• WHAT TO PRODUCE:
Skip the pictures. Output only the lines below starting at the line with "Hallazgo arqueológico en" and ending at the line with "2015 BUICK ENCORE", both ends included, exactly as they are.

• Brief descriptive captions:
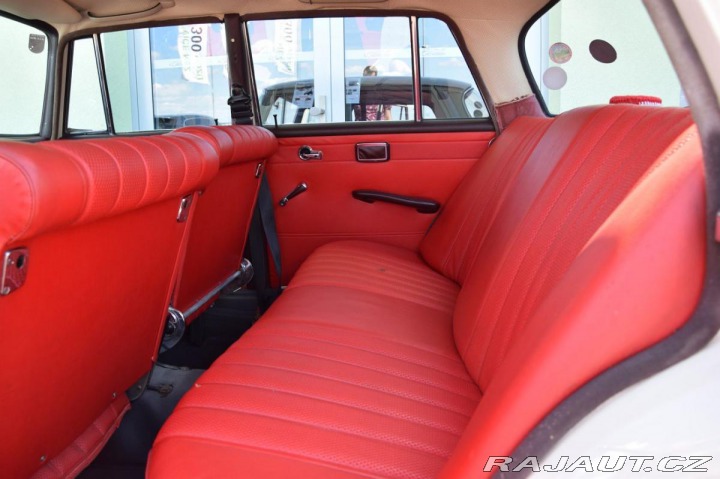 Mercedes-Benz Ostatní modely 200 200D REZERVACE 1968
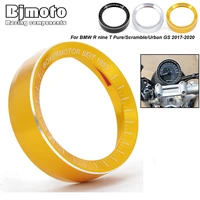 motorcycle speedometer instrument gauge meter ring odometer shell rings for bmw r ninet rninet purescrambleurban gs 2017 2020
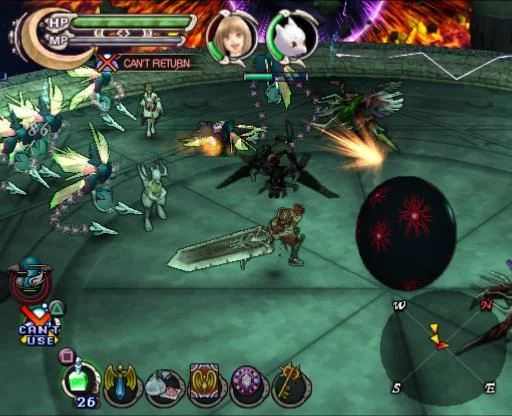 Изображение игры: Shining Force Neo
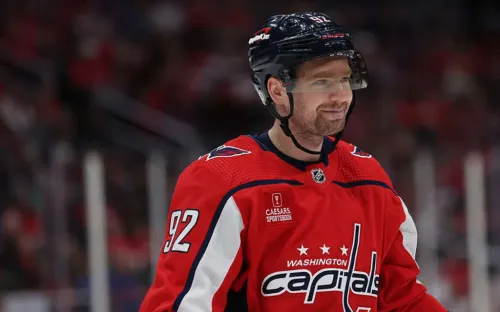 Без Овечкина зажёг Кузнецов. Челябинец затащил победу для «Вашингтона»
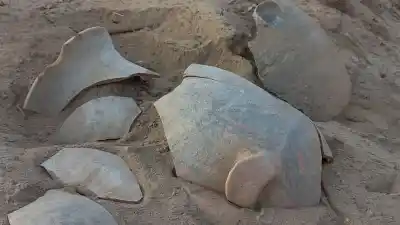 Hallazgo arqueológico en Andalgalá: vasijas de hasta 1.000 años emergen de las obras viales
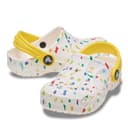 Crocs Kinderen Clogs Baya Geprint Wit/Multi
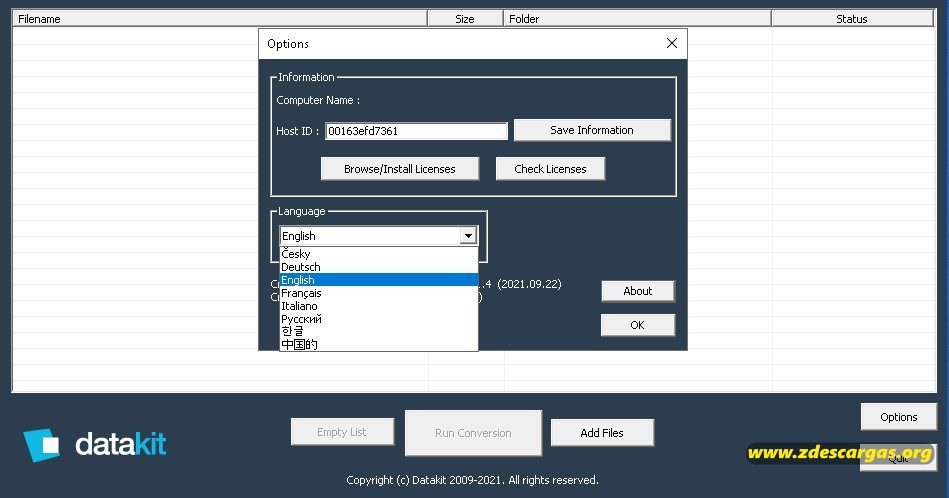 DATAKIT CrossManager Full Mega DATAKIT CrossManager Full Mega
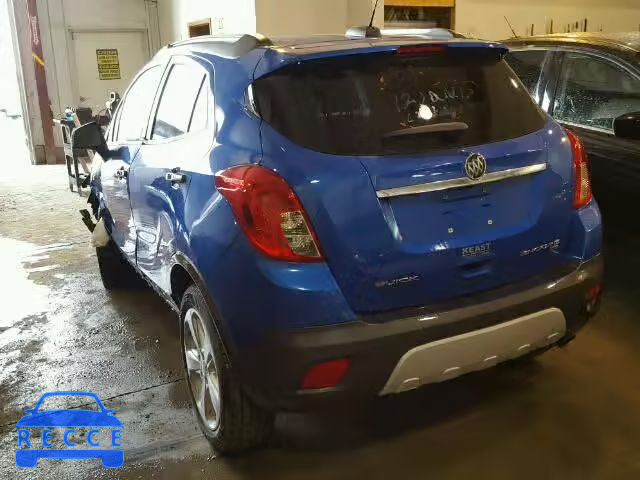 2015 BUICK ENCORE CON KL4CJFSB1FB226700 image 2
* * *
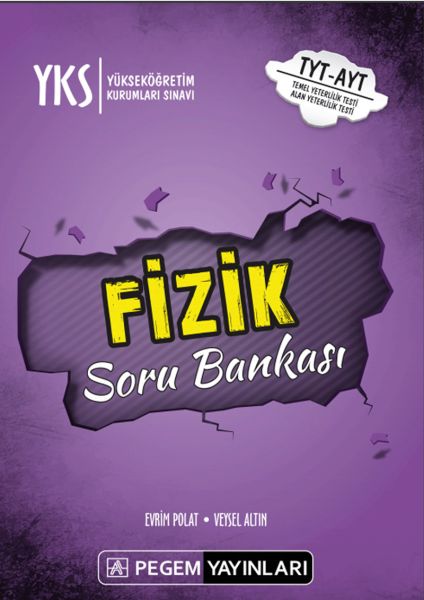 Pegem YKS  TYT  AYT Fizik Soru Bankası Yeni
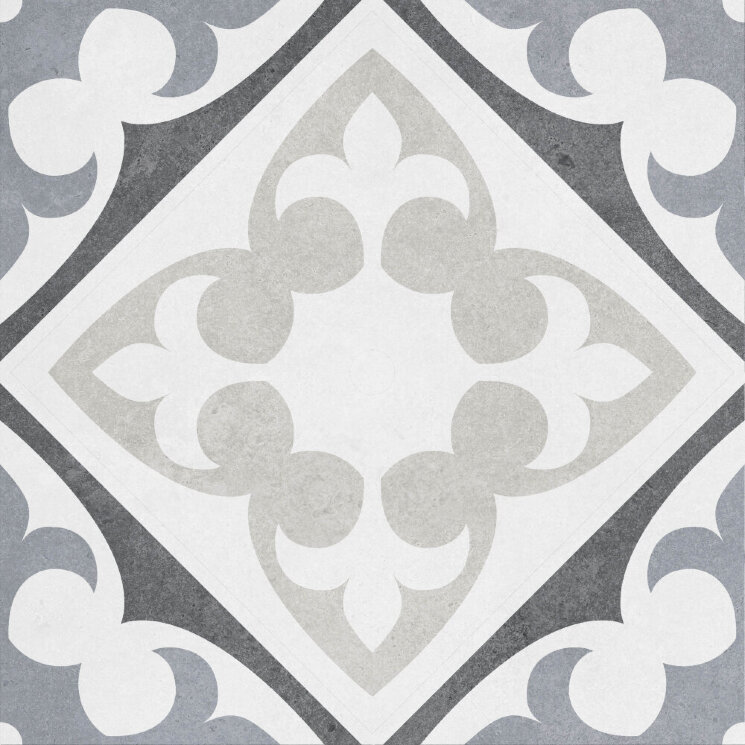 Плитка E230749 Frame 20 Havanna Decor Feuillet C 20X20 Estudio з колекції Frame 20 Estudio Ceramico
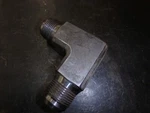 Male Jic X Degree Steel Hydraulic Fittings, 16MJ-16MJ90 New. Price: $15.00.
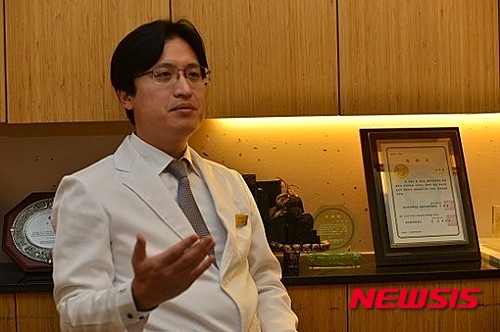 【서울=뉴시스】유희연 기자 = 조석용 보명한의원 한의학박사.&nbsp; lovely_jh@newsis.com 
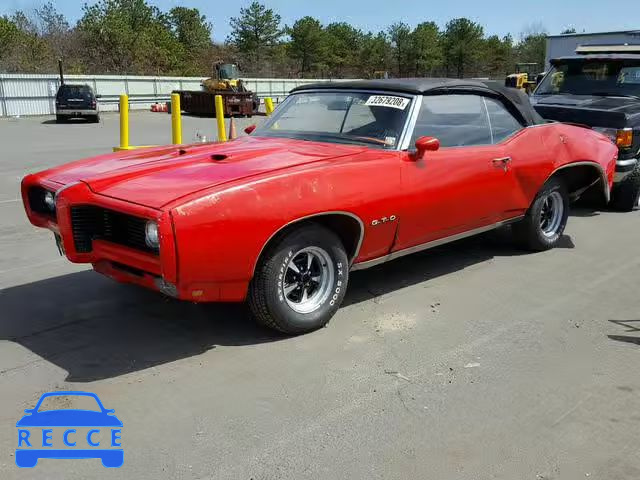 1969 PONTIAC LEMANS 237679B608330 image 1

• ANSWER SPACE:
 Hallazgo arqueológico en Andalgalá: vasijas de hasta 1.000 años emergen de las obras viales
 Crocs Kinderen Clogs Baya Geprint Wit/Multi
 DATAKIT CrossManager Full Mega DATAKIT CrossManager Full Mega
 2015 BUICK ENCORE CON KL4CJFSB1FB226700 image 2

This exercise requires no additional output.